Voorsanger, the architect hired by Hirsch, has designed other spectacular homes and several museums. As he boarded his flight last week he said he’s particularly fond of the Aspen home and its living wall.
“It’s a wonderful moss stone brought from Montana,” he said of the interior wall. “It’s sprayed with water twice a year and the lichen and moss grows. Like your children, you can’t pick one favorite. But I certainly love that home as well as any of my projects.”
The business of selling it rests with Joshua Saslove of Joshua & Co. of Aspen. It was on the market for most of 2005, when it was listed at $35 million, taken off the market for about five months and officially relisted last week at the higher price.
(With a traditional 20 percent down payment of $7.5 million and a 6.75 percent annual interest rate on the $30 million balance, you’d have a monthly house payment of $194,579.43. Not including taxes or insurance.)
2nd, 3rd or 4th home
But Saslove said a buyer won’t likely be making any monthly payments.
“A person who would buy this property is one of substantial wealth,” he pointed out. “They would use it as their second, third or fourth home. It is an extraordinary house with extraordinary architecture. It is a house that cannot be replicated.”

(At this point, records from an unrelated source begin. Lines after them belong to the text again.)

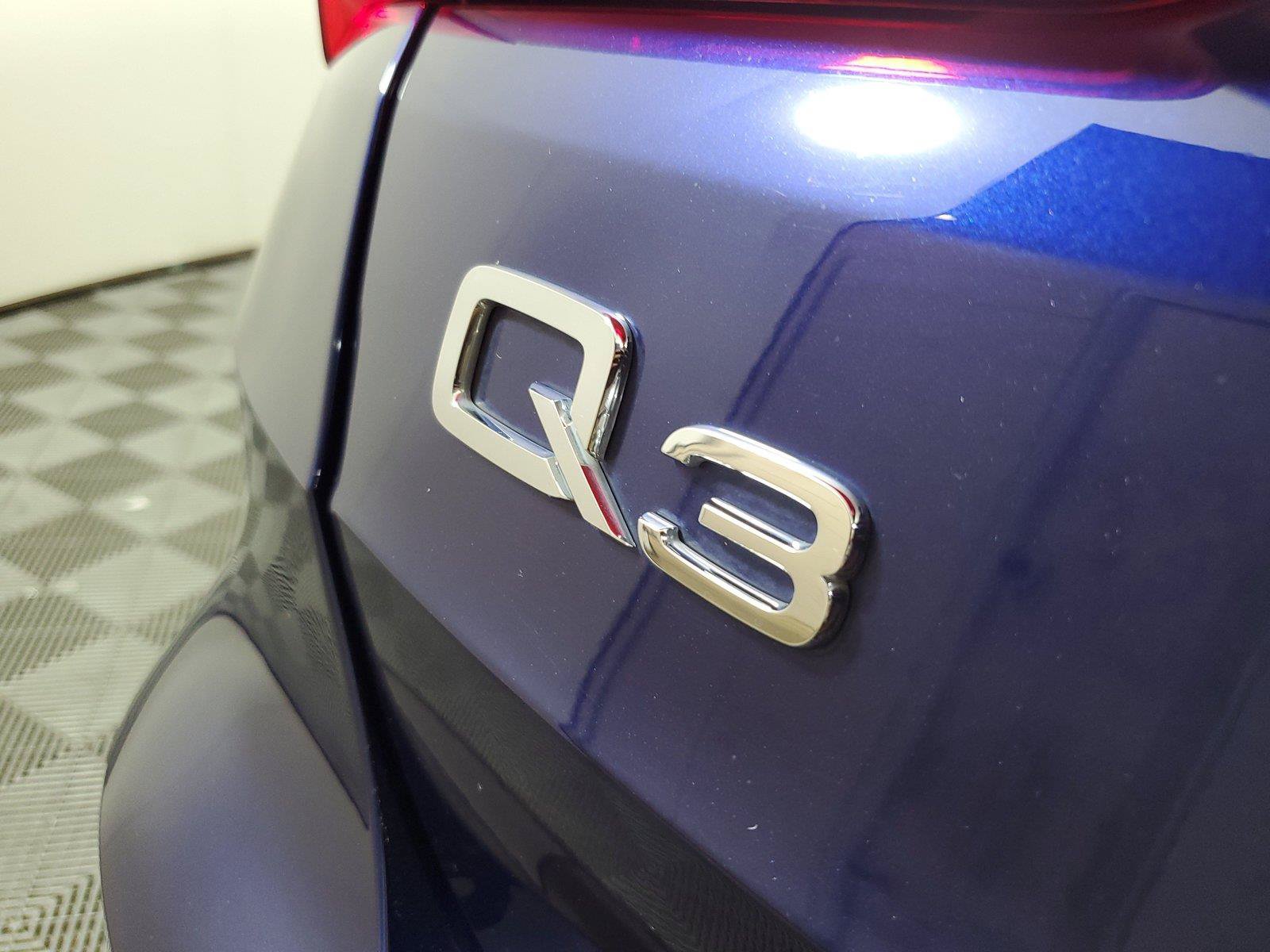 Used 2021 Audi Q3 2.0T Premium Plus AWD/4WD image 8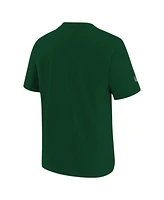 Nike Big Boys and Girls Green New York Jets 2024 Sideline Legend Performance T-Shirt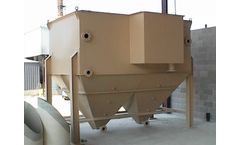 Leaucon - Model IPC - Clarifiers for Industrial Waters and Wastewaters System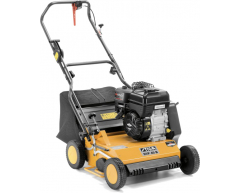 Скарификатор бензиновый Stiga SVP 40 B, несамоходный Тип передвижения, 40 см, нет Боковой выброс, нет Мульчирование, 50 л, B&S Модель двигателя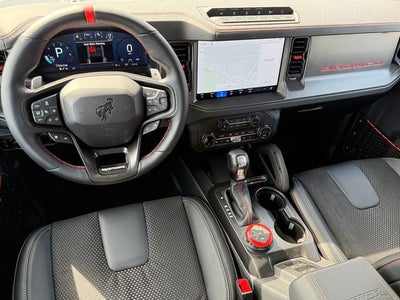 2026 Ford Bronco Raptor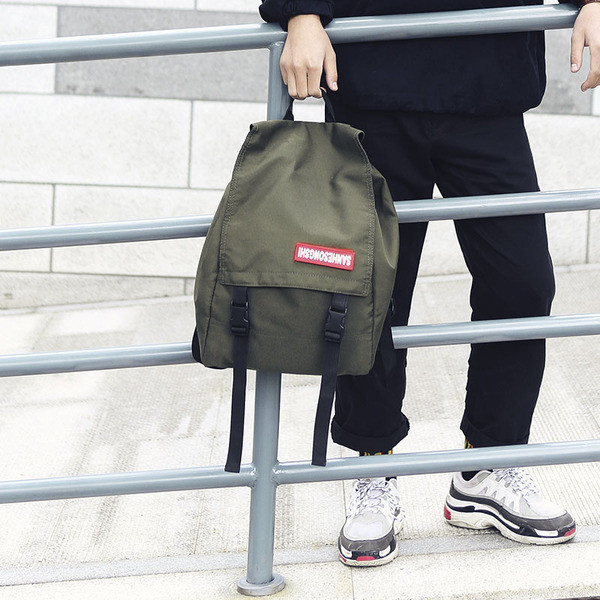 Ανδρικό σακίδιο νέο μοντέλο με λουράκια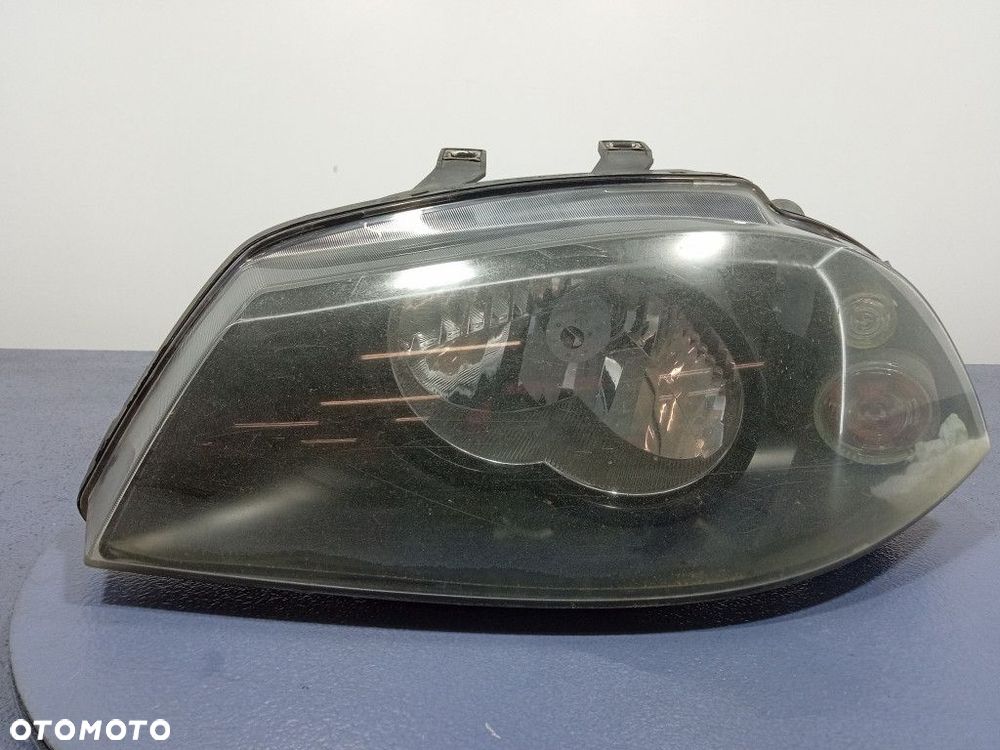 SEAT IBIZA III 6L CORDOBA II REFLEKTOR LEWY LAMPA EU - 1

Saslove failed to mention that the $37.5 million includes, according to his website listing: “a wood-burning fireplace, refrigerator and washer/dryer.”
Oh, and it also comes with a central vacuum system and lawn sprinklers.
Because nothing is as frustrating as spending $37.5 million for a house and then having to drag a noisy canister vacuum around behind you on cleaning day, pausing occasionally to wipe away the sweat and look out the window at your brown, dry lawn.
And so Saslove is officially accepting offers.
“The property has been looked at closely by people from all over the world,” he said. “There is a stronger probability it will be sold to a U.S. citizen than to a foreigner.”
(Aspen is littered with expensive properties owned by what Saslove called “foreigners,” people of great wealth from mysterious lands such as Saudi Arabia and Texas.)
But even at this level, Saslove expects some bartering.
“People who can afford this house are smart people, and smart people don’t buy a property without trying to negotiate,” he said.
Then he hinted that submitting a low bid on it would be akin to slipping an Aspen bellhop 50 cents. In either scenario, you’re not likely to see your luggage inside right away.
“I’ve already had offers on this property,” he said. “But they were beneath the asking price.”